--- AVAILABLE DATA ---

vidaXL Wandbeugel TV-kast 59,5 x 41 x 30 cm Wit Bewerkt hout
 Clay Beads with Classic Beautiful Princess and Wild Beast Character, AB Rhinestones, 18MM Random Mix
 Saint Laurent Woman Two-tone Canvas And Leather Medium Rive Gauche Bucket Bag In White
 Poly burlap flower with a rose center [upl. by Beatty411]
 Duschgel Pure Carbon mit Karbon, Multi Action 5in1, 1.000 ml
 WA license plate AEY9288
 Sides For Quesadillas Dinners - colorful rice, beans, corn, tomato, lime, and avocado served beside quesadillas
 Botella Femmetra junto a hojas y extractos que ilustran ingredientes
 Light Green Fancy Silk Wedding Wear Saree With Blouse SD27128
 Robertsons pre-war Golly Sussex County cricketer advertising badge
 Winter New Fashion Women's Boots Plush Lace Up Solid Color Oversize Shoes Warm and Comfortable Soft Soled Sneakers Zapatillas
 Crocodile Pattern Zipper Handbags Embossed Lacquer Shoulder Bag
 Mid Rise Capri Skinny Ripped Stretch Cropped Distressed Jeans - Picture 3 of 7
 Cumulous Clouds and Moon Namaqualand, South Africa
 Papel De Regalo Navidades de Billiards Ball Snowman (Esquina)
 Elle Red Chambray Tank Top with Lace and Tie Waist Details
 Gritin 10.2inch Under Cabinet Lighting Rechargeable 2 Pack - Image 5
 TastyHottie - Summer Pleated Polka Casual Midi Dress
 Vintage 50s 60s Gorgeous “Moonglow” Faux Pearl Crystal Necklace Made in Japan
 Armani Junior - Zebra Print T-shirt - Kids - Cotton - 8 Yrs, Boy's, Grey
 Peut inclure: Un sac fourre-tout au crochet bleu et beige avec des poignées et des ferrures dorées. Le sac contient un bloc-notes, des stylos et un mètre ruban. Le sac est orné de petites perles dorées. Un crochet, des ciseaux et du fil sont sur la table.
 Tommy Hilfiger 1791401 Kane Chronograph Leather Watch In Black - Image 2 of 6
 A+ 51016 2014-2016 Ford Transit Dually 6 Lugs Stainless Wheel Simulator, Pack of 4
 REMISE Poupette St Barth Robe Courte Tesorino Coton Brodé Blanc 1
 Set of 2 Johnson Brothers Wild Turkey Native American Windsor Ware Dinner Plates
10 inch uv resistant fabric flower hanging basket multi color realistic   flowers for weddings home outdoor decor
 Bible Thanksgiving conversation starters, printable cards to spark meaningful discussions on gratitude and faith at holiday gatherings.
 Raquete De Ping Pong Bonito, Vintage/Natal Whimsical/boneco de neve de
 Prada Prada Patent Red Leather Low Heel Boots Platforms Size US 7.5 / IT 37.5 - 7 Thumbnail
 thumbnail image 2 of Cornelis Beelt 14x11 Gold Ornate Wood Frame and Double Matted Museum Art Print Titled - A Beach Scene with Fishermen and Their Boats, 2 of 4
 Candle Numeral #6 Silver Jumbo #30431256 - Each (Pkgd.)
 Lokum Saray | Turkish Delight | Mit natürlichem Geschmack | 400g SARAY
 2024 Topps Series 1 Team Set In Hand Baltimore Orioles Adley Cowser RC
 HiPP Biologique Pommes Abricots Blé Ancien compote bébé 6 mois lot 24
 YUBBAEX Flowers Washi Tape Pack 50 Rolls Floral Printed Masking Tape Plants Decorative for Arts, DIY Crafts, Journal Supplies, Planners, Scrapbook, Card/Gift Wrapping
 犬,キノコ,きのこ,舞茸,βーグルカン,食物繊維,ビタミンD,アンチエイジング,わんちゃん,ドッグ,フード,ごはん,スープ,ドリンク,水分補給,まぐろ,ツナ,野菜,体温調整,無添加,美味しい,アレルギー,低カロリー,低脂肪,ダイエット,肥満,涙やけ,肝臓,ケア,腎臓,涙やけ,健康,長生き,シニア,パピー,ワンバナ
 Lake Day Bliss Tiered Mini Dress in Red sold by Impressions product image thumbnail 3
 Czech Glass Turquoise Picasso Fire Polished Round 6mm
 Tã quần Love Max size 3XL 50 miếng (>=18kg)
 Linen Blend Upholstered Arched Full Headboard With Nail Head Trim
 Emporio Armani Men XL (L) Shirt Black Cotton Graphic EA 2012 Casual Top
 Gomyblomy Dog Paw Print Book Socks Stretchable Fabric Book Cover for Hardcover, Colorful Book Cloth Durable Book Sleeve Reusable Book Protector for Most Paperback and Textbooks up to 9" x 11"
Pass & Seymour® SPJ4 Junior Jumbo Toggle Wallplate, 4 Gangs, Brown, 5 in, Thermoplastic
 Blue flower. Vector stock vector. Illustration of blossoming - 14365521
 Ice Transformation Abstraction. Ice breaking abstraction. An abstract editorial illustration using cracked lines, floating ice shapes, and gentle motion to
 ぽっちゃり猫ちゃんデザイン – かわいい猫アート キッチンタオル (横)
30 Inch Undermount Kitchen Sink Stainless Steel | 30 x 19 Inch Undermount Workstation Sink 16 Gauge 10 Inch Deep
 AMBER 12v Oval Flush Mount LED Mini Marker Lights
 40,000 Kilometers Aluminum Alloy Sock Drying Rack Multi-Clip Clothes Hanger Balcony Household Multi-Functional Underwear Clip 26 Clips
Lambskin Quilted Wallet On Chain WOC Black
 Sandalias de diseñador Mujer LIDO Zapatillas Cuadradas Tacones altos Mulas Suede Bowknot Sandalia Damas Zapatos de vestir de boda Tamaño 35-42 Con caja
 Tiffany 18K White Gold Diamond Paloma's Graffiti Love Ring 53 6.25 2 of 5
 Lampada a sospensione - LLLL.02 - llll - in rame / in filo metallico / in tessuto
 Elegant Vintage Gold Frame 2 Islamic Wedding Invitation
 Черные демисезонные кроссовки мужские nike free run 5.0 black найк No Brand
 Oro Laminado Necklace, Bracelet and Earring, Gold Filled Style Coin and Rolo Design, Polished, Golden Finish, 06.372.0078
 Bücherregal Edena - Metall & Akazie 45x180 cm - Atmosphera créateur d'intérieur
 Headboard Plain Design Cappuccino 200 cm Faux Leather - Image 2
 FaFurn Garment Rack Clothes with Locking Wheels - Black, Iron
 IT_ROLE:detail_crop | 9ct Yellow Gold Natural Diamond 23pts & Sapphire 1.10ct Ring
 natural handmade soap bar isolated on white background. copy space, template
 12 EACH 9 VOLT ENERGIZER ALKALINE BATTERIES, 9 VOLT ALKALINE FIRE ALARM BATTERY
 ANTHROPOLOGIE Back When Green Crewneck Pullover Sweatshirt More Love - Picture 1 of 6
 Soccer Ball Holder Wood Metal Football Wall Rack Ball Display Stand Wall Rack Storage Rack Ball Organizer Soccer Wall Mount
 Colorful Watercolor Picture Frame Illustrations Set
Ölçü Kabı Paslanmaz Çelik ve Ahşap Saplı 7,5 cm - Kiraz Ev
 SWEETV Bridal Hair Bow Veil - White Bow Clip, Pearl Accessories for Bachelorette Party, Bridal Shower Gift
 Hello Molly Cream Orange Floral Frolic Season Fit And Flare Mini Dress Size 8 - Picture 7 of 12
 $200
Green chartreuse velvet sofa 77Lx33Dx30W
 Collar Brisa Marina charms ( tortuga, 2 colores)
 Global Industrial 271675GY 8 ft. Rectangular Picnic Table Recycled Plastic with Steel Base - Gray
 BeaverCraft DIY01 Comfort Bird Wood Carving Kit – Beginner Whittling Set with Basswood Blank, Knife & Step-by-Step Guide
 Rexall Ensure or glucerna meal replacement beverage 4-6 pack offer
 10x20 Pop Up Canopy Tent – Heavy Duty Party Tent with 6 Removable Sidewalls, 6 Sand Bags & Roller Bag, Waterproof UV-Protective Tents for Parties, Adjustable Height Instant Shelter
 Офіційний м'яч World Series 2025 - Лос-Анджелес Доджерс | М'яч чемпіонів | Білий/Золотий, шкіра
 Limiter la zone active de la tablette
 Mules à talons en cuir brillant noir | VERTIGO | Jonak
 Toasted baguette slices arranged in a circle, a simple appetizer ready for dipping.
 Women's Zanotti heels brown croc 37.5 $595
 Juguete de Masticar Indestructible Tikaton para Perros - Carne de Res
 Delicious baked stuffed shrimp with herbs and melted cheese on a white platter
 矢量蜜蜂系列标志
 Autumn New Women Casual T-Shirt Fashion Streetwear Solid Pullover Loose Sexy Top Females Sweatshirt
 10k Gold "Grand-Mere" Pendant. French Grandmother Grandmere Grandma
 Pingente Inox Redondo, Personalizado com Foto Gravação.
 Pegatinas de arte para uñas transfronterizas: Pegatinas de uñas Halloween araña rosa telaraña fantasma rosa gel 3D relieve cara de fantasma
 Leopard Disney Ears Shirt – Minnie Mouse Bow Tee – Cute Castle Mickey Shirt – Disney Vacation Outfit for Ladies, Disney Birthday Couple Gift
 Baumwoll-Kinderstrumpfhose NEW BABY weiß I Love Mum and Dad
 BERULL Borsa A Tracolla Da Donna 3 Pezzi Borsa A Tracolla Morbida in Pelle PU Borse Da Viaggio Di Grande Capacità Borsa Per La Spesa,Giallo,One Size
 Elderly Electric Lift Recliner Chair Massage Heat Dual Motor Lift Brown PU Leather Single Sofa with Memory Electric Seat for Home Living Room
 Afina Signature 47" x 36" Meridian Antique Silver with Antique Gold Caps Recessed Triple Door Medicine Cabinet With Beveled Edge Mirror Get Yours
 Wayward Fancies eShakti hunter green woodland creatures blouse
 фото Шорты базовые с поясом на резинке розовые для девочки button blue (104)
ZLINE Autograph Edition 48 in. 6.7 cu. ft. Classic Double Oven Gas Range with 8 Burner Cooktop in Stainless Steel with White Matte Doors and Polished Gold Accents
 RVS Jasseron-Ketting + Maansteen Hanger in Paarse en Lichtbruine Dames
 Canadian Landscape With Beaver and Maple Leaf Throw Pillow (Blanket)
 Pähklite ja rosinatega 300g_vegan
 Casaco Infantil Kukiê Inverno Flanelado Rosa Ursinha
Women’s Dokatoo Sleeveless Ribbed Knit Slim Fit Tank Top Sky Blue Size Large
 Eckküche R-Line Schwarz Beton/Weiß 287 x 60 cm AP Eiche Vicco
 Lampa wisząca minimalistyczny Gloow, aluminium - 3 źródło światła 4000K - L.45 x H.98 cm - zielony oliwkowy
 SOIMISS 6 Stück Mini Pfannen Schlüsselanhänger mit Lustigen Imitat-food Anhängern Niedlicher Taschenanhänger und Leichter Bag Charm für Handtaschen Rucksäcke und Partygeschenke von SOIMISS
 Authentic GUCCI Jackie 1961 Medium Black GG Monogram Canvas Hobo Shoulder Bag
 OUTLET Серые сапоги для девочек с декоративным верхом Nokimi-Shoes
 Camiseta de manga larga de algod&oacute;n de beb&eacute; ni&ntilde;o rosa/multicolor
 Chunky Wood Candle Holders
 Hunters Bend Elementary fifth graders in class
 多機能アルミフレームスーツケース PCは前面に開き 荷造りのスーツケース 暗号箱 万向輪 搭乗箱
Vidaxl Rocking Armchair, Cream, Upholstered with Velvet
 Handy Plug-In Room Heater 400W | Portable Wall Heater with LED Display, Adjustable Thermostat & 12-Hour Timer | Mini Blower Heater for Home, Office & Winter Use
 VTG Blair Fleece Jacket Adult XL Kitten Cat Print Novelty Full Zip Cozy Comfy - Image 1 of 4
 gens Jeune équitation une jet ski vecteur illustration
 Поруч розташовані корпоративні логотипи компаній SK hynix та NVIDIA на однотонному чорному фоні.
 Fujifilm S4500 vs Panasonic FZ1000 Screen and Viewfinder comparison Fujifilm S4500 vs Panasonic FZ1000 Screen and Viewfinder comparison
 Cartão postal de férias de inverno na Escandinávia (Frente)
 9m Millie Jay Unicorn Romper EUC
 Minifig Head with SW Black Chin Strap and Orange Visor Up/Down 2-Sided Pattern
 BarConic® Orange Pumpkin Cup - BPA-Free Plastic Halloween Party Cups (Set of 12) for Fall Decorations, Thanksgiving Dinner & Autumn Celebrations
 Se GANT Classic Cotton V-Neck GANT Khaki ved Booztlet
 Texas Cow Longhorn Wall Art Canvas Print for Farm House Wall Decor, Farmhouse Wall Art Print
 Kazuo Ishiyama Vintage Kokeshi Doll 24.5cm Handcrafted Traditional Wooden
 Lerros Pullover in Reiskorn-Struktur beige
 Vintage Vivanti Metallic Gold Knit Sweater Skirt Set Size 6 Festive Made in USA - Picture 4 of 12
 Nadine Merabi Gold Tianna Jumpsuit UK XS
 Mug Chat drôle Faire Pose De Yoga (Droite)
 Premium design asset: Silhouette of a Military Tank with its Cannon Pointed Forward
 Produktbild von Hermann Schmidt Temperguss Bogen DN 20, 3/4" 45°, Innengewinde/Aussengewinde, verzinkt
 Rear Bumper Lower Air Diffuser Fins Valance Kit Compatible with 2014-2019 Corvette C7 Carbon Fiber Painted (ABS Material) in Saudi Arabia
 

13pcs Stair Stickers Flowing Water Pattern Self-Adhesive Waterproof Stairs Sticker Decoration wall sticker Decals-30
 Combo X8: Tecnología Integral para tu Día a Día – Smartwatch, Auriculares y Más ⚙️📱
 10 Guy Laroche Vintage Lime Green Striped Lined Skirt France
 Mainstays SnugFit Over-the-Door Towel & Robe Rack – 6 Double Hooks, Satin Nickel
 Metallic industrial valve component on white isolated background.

---

_TASK TO COMPLETE_: What you return must be the lines above that run from the line with "Bücherregal Edena - Metall" to the line with "Mules à talons", inclusive, each copied exactly.

_EXERCISE RESPONSE_:
 Bücherregal Edena - Metall & Akazie 45x180 cm - Atmosphera créateur d'intérieur
 Headboard Plain Design Cappuccino 200 cm Faux Leather - Image 2
 FaFurn Garment Rack Clothes with Locking Wheels - Black, Iron
 IT_ROLE:detail_crop | 9ct Yellow Gold Natural Diamond 23pts & Sapphire 1.10ct Ring
 natural handmade soap bar isolated on white background. copy space, template
 12 EACH 9 VOLT ENERGIZER ALKALINE BATTERIES, 9 VOLT ALKALINE FIRE ALARM BATTERY
 ANTHROPOLOGIE Back When Green Crewneck Pullover Sweatshirt More Love - Picture 1 of 6
 Soccer Ball Holder Wood Metal Football Wall Rack Ball Display Stand Wall Rack Storage Rack Ball Organizer Soccer Wall Mount
 Colorful Watercolor Picture Frame Illustrations Set
Ölçü Kabı Paslanmaz Çelik ve Ahşap Saplı 7,5 cm - Kiraz Ev
 SWEETV Bridal Hair Bow Veil - White Bow Clip, Pearl Accessories for Bachelorette Party, Bridal Shower Gift
 Hello Molly Cream Orange Floral Frolic Season Fit And Flare Mini Dress Size 8 - Picture 7 of 12
 $200
Green chartreuse velvet sofa 77Lx33Dx30W
 Collar Brisa Marina charms ( tortuga, 2 colores)
 Global Industrial 271675GY 8 ft. Rectangular Picnic Table Recycled Plastic with Steel Base - Gray
 BeaverCraft DIY01 Comfort Bird Wood Carving Kit – Beginner Whittling Set with Basswood Blank, Knife & Step-by-Step Guide
 Rexall Ensure or glucerna meal replacement beverage 4-6 pack offer
 10x20 Pop Up Canopy Tent – Heavy Duty Party Tent with 6 Removable Sidewalls, 6 Sand Bags & Roller Bag, Waterproof UV-Protective Tents for Parties, Adjustable Height Instant Shelter
 Офіційний м'яч World Series 2025 - Лос-Анджелес Доджерс | М'яч чемпіонів | Білий/Золотий, шкіра
 Limiter la zone active de la tablette
 Mules à talons en cuir brillant noir | VERTIGO | Jonak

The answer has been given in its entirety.